When you write about technology on a full-time basis, it's sometimes difficult to keep a clear and unbiased perspective. This is hardly surprising, as most editors are inundated with pitches from companies that are trying to put their best foot forward. A good writer must act as a filter for his or her audience, revealing the facts and trends instead of merely repeating the hype. This is not always an easy task.
I was reminded of the importance of writing for my audience during the recent Design Automation Conference (DAC). A fellow editor (thanks, Jergen), who writes frequently for many of Europe's better technology publications, challenged me with a very simple question: What was the essence of this year's DAC? The answer he wanted was not from the perspective of the exhibitors or the EDA industry. Instead, it was from the viewpoint of the engineers and managers who are developing electronic products with EDA tools. His words reminded me of the responsibility that every editor has to his or her audience. From that point on, I saw things in a different light. For my engineering brethren, a report follows on the essence of DAC '03:
ASIC designs have reached maturity. This observation was reinforced by several studies that I will cover shortly. But it also was evident from walking the exhibit floor and looking at the products being offered. While the big EDA vendors offer improvements in their existing ASIC tool suites, many smaller tool vendors and startups were focused on FPGA and ASSP designs.
Are ASIC designs dead? This is certainly not the case. In fact, the emphasis of most of the technical papers and panel discussions was on low power, signal integrity, and system-level design issues for ASICs. Several papers also addressed nanotechnology design. After all, many ASIC designs for mobile products are already taking place at the 130-nm level.
If ASIC developments are leveling off, what designs are still climbing in terms of design starts? The Gartner Dataquest study found that FPGAs and ASSPs will be the leading design activities for many years to come. This is good news for the engineers and managers who work on design teams. I saw proof of this trend in many new products and existing product upgrades at DAC. You will see these products covered in upcoming issues of WSD magazine.
Another interesting observation that I gleaned from DAC was that few companies plan to invest large sums in EDA tools—at least for the foreseeable future. This was the finding of a study presented at the EDA Business Forum. While design starts are increasing, EDA tool budgets are declining. Is this bad news for tool vendors? Not necessarily. The study did suggest an increase in the sales of tools, which provide incremental value to the existing chip and board design flow. This observation tracks well with the "word from the street," which says that designers want tools that help them squeeze every bit of performance and power management from new and existing designs.
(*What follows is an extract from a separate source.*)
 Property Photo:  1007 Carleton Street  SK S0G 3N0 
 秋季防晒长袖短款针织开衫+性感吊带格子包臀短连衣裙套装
Design tools are a prerequisite to handling the ever-increasing complexity of ASIC, ASSP, and FPGA designs. To drive the ever-increasing cost of tool suites, however, vendors can no longer count on the relentless pursuit of Moore's Law. For the most part, revenues will have to come from improving existing tools and expanding coverage to FPGA and ASSP designs. In fact, the EDA Business Forum's study concluded that FPGA-synthesis tool usage would increase by 16% from last year. Signal-integrity analysis and power-/EMI-/thermal-analysis tool usage also is predicted to rise significantly in 2003.
Tracking nicely with this year's increase in FPGA tool usage was the continued growth of all FPGA tools. For example, the EDA Business Forum predicted an increase of 7% for FPGA place-and-route tools in the next two years.
What will bring the EDA community out of its doldrums? Few believe that it will be nanotechnology. Hope lies in improving the performance and profitability of existing and near-horizon technologies. Nanotechnology is coming, but it will not be mainstream for some time.
The essential message from DAC was both encouraging and cautionary: Things won't get worse, but they won't get much better. Don't wait for the next generation of EDA tools and designs. Instead, focus on improving the power, overall performance, and cost value of near-term products. There is still much to be gained from the 'last mile' of current EDA tools and services.